Matthew Cavedon is a criminal defense attorney in Gainesville, GA

Moving the world onto Zoom was not as dramatic a break from history as you might think. After all, it’s been 170 years since Marx & Engels wrote that “[a]ll that is solid melts into air.” In many ways, then, moving everything onto actual Wi-Fi is just another blip in a centuries-long trend of airier and airier “modernization”—that is, of more abstraction, of the move away from place and flesh and time into a new world of idea and identity and the instant. Why, then, does it feel so sad? Americans are not handling the COVID-19 pandemic well. A third of us are experiencing stress and anxiety. Why? Shouldn’t we be ready for this next stage of human evolution, away from conference rooms and handshakes and hugs? For at least twenty years, some say, we have all been “chimeras, theorized and fabricated hybrids of machine and organism—in short, cyborgs.” And yet we don’t seem to have assimilated very well.

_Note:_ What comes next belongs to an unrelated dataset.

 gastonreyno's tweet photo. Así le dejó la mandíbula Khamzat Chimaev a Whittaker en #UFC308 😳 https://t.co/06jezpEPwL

Two sanctuaries of resistance to the technology trend—the courtroom and the Catholic Church—help explain why we can’t just effortlessly float off into the cloud as a species. Both have only grudgingly gone online in recent months, even as much of the business world breathlessly predicts that couches are the new offices. This is because both are expert in focusing attention. And that requires forming consciousness through the senses in ways that virtual reality does not allow.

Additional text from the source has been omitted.